(What to work on): From the data below, tally each line that has "also" in it, then give that tally without comment.

═══ Listed records

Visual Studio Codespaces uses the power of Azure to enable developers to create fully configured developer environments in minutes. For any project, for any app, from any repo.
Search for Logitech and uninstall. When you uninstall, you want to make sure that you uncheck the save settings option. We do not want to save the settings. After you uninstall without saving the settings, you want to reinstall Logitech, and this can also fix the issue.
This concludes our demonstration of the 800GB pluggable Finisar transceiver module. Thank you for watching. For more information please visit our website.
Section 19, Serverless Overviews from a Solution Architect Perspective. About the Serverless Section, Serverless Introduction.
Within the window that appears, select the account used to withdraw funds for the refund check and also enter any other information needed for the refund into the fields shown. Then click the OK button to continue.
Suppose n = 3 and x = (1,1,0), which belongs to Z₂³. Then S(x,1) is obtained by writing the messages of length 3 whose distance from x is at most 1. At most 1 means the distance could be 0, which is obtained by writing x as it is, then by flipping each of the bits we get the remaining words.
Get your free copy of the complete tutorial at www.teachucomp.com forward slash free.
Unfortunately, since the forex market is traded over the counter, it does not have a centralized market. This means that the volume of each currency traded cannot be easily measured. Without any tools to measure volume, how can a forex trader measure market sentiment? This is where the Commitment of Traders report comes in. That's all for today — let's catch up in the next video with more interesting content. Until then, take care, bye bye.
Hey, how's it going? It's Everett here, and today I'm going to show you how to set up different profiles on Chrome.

══════
═══ Listed records

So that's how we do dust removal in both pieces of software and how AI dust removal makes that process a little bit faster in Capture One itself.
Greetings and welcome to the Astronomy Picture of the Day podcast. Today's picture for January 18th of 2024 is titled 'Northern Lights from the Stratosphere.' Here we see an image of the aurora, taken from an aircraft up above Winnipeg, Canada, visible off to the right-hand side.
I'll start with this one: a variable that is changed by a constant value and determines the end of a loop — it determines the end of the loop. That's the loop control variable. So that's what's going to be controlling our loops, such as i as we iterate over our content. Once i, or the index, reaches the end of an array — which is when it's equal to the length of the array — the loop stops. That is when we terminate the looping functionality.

══════
═══ Listed records

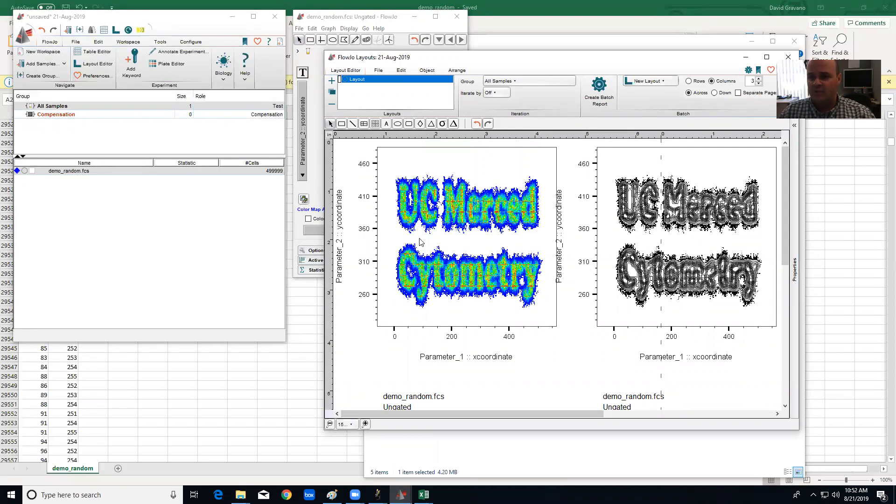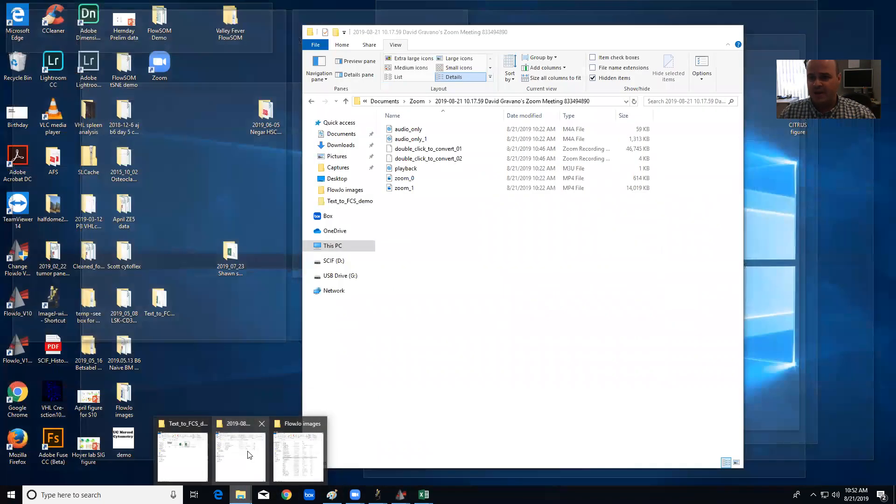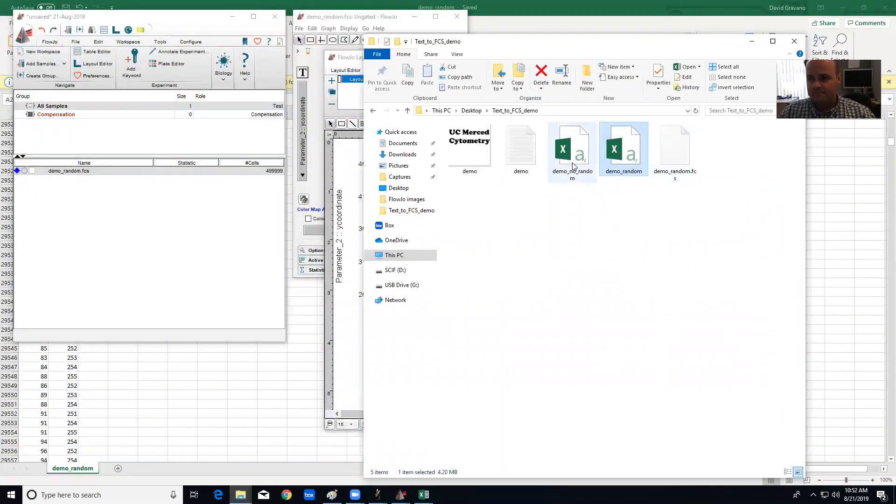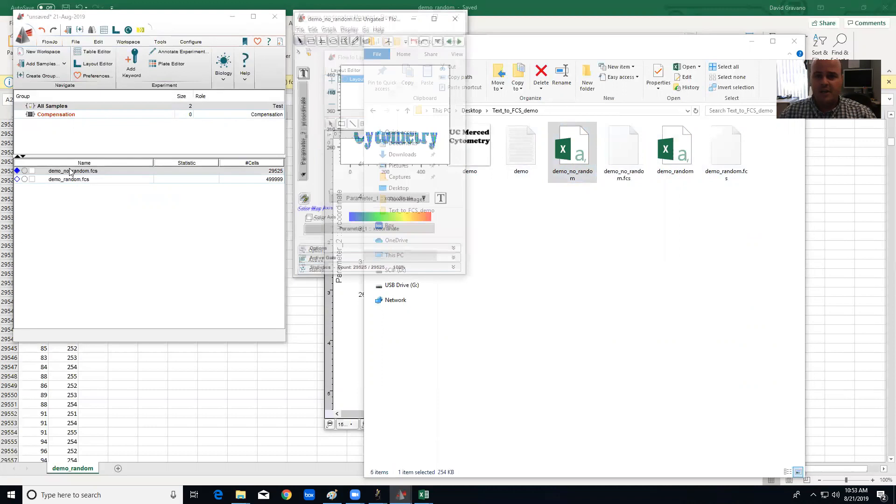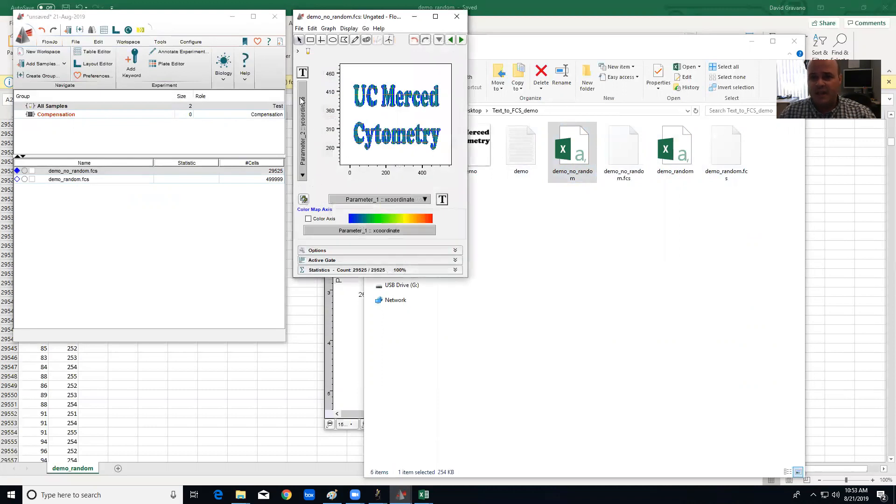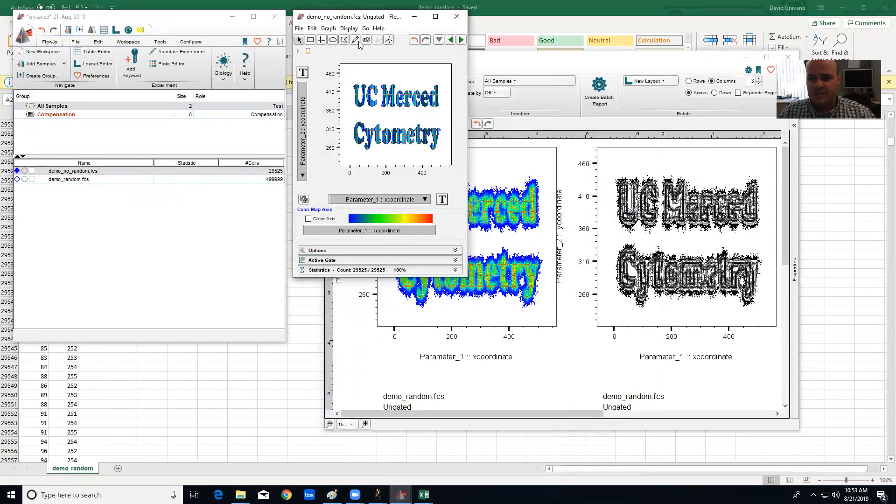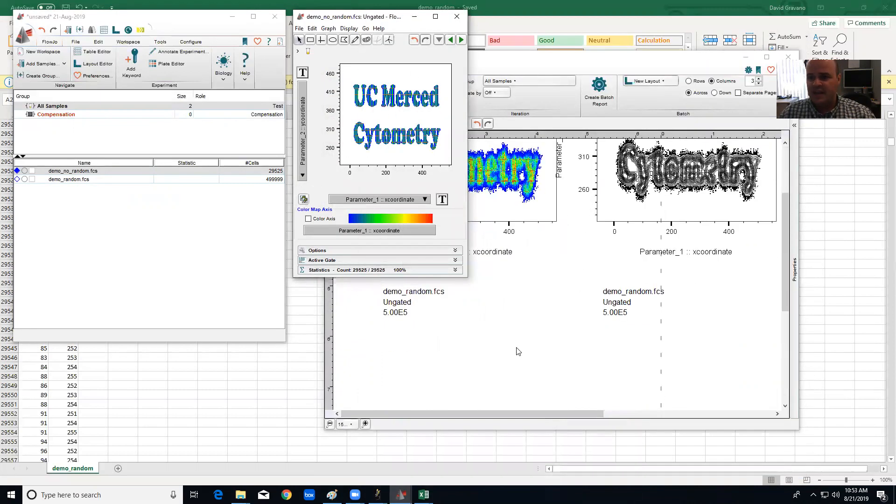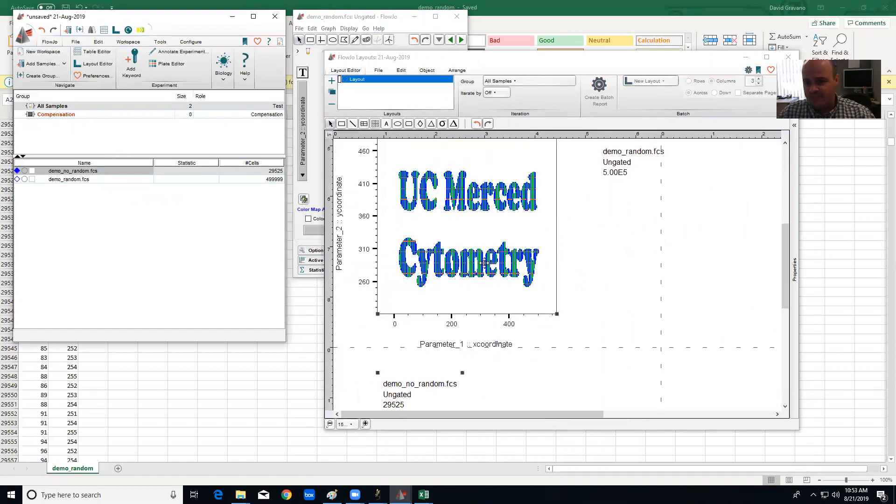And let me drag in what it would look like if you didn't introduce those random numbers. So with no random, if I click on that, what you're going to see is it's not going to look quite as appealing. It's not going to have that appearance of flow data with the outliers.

══════

(Problem solution): 2